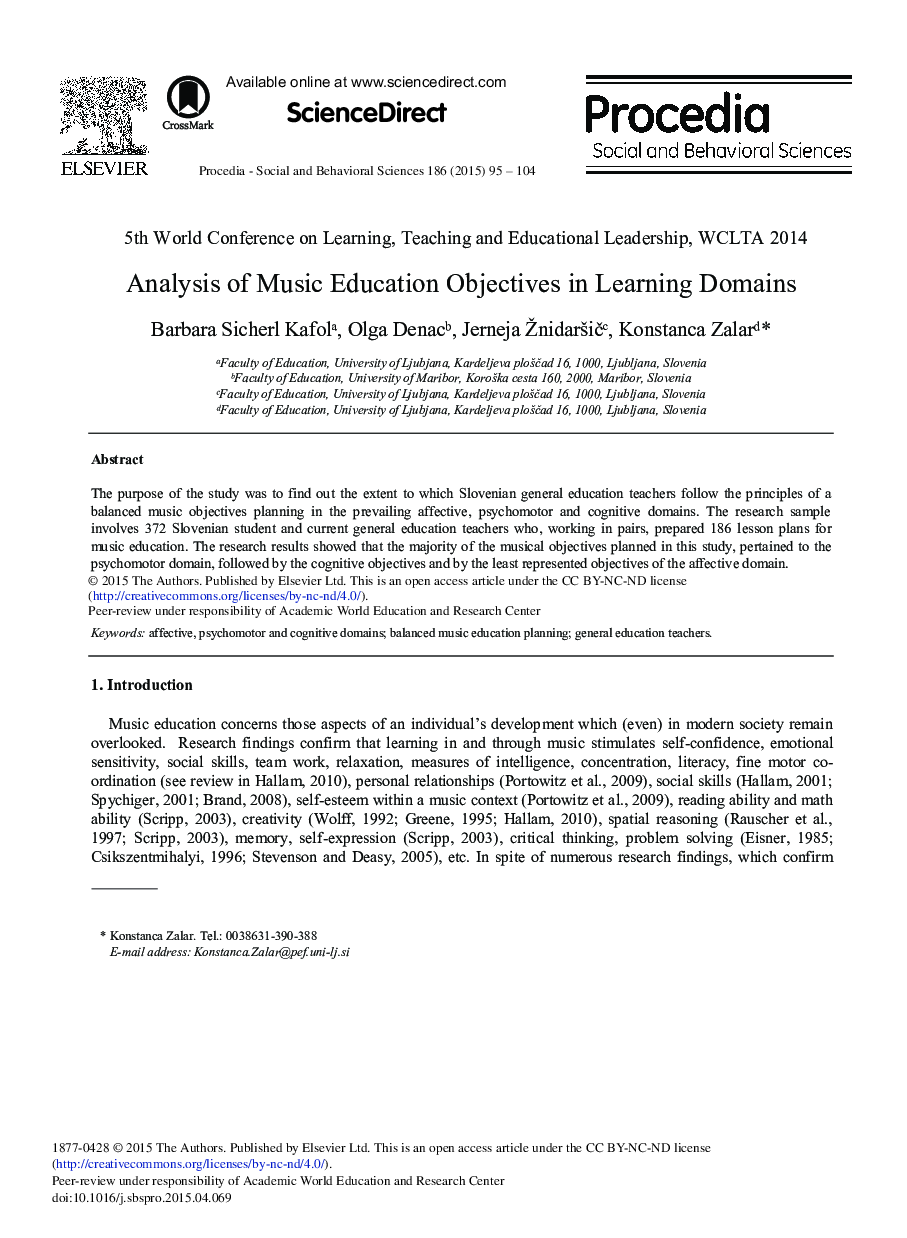 Analysis of Music Education Objectives in Learning Domains 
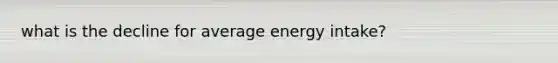 what is the decline for average energy intake?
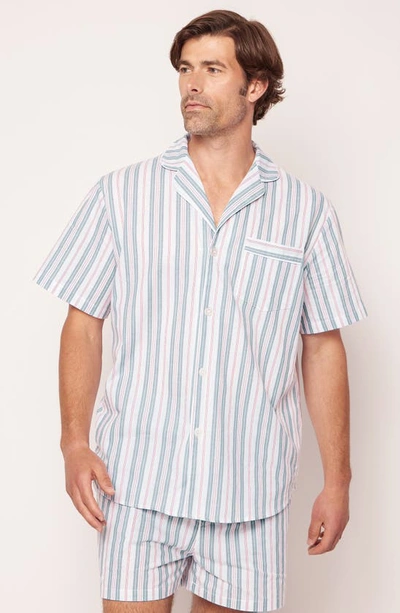 Shop Petite Plume Vintage Stripe Cotton Short Pajamas In Blue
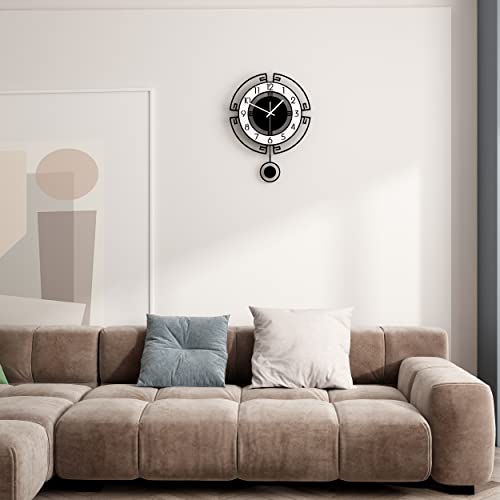 Meisd Wall Clock For Living Room Decor, Decorative Modern Wall Clocks With Pendulum For Bedroom Kitchen Office Home, 14.6 Inch Big Decoration Wall Clock Battery Operated, Silent Clock Non Ticking #TOP3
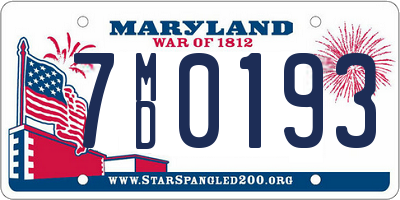 MD license plate 7MD0193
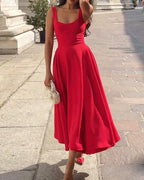 Elegant sleeveless solid color dress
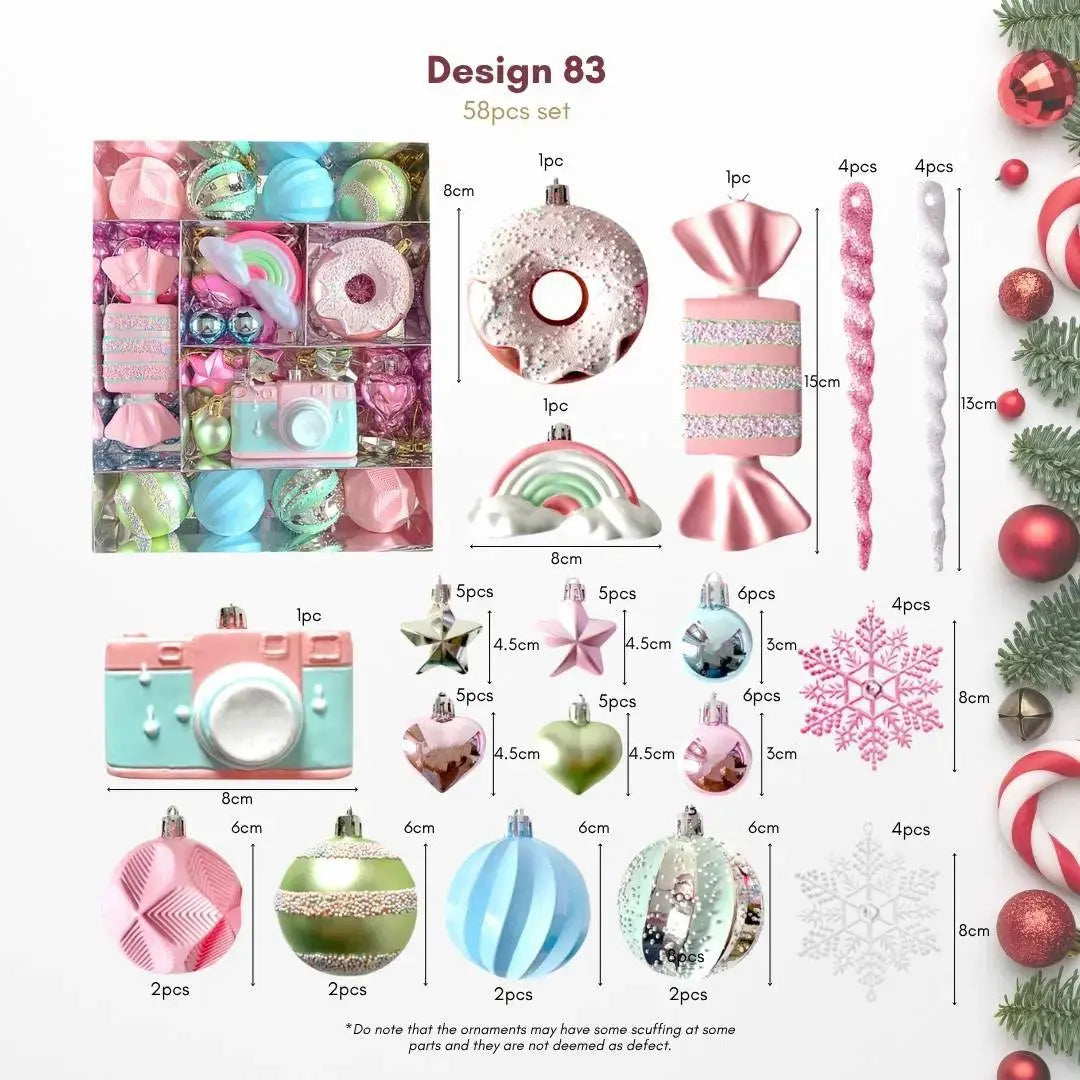 58pcs Set Pastel Pink & Blue Christmas Hanging Baubles Ornament (D83)-Speckled Space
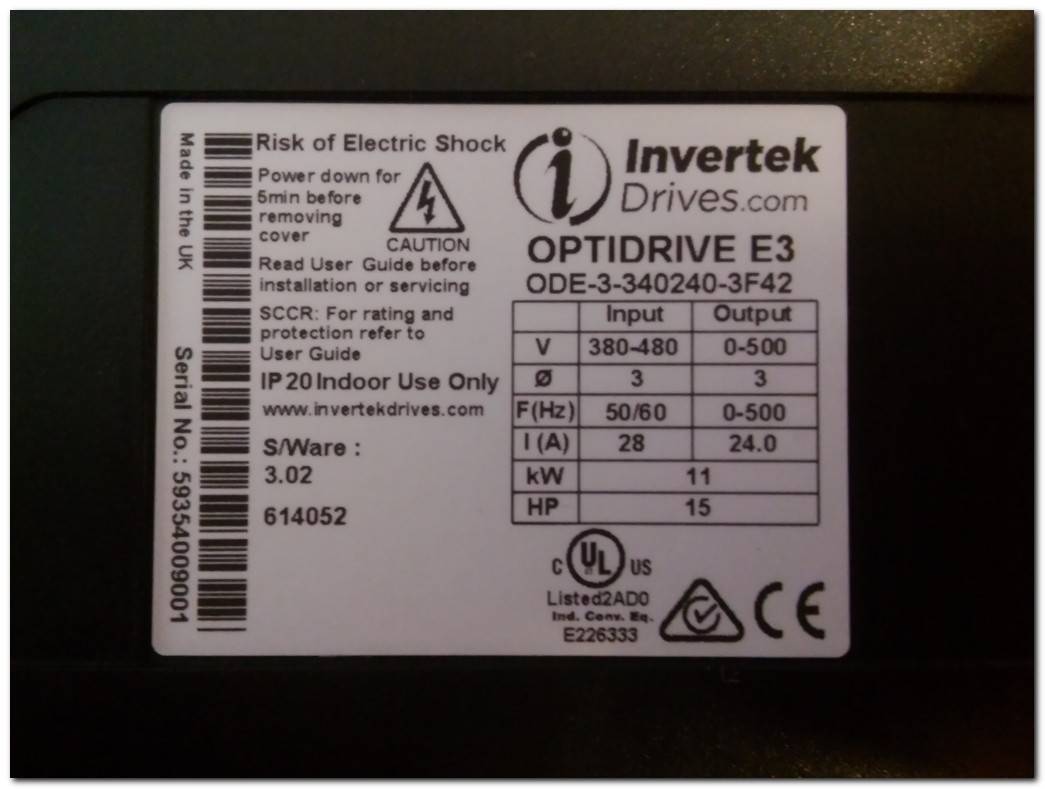 İNVERTEK ODE-3-340240-3F42 OPTIDRIVE E3 11KW SÜRÜCÜ INVERTER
■ ■ ■ ■ ■ ■ ■
Lines from the one that contains "58pcs Set Pastel" to the final line of the material are the whole answer. Reproduce them word for word and skip the pictures.

 58pcs Set Pastel Pink & Blue Christmas Hanging Baubles Ornament (D83)-Speckled Space
 İNVERTEK ODE-3-340240-3F42 OPTIDRIVE E3 11KW SÜRÜCÜ INVERTER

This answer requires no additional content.